The voice that will kindle fires is hoarse with sleep. “Dragonstone.”

“—your belt, your boots—”

The woman in the bed, with groggy amusement, lifts her chin. “And?”

Camilla blinks down at her. Then, with a swift, sweet shopgirl’s smile, she drops a kiss on the other woman’s lips.

“I think you’re right,” she says, breathless. “I’ll marry Faendal. Then I won’t have to put up with Sven’s mother.” She grins down at her companion. “Unless you have a farm you haven’t told me about?”

The woman who will be called Dragonborn smiles with some effort.

“No,” she says, and stretches like a dancer. Her bruises burn. “I don’t have anything."


* * *


She has the rock—the Dragonstone, she corrects herself, following the Jarl’s plodding packhorse down the switchbacks of the Hvit. She has, too, the hundred aches and scrapes suffered in Helgen—she tries not to think of the screams, the charred-meat smell, the severed heads rolling from the upended basket—and last night in the barrow of the wight. The thing had probably been interred with the rock in its frail arms. But the ages had crumbled armor to rust and bones to dust; she’d lifted the Dragonstone from the sunken cavity of its chest, choking every Khefrish prayer she knew for quieting the dead. When she ran out of invocations, she made up soothing words that meant nothing in any tongue.

Drem, she’d murmured to the corpse, prying its withered hands from the stone. Her own hands shook. In the flicker of her torch, the scratches on the walls had seemed to burn. Praan, midaargolz, vodahmaan faazselaas—

The horse tugs its lead with an impatient huff. She staggers after it through the scratchy scrub, the sap-sticky branches, the patches of shade and light. Sun dapples the beast’s flanks. The river flashes as it polishes its stones. The leaves shriveling in the foreign trees blaze in all the colors of fire.

The burning standards, she thinks, the sun hot as fever on her neck. The horse-thief with his face in the dirt, his breath a wet, punctured noise. The severed heads rolling from the upended basket.

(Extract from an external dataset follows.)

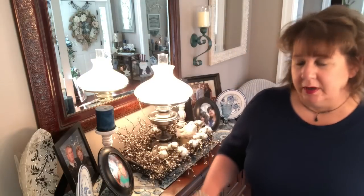What I'm up to today is I'm going to be working on my sideboard here. As you can see I've already done a little bit of work and I will explain what I've done. I hope you all don't get bored with this kind of stuff because I do reuse the same what I call staple pieces in my decor, season after season, vignette after vignette, centerpiece after centerpiece.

Then she grins, forcibly, like the dragon-skull mounted on hooks behind the Jarl’s throne. She draws the parcel wrapped in oilskin from the horse’s twitching back, soothing it with the praises she’d overheard in the Jarl’s stable; she doubts the wizard will let her look at her prize later. She thinks hard of the coinpurse in wait for her, the leg of mutton at the table of the Jarl, the smiling woman who fills the cups. The folds of waxy cloth fall open.

She blinks. She is, she realizes after a moment, holding the rock wrong-side up. The obverse side stares back at her, chiseled with scratches that mean nothing in any tongue.

The wind sticks, whispering, to the sweat at the back of her neck. Something in her stirs with a rattle of scales.

“Here lie our fallen lords,” she murmurs—aloud, halting, as though one of her old tutors scowls over her shoulder still. The words flower in the back of her throat like fire. “Until might of al du in—”

The trees shiver. The horse shakes its head and stamps. A head with suns for eyes tilts somewhere, listening.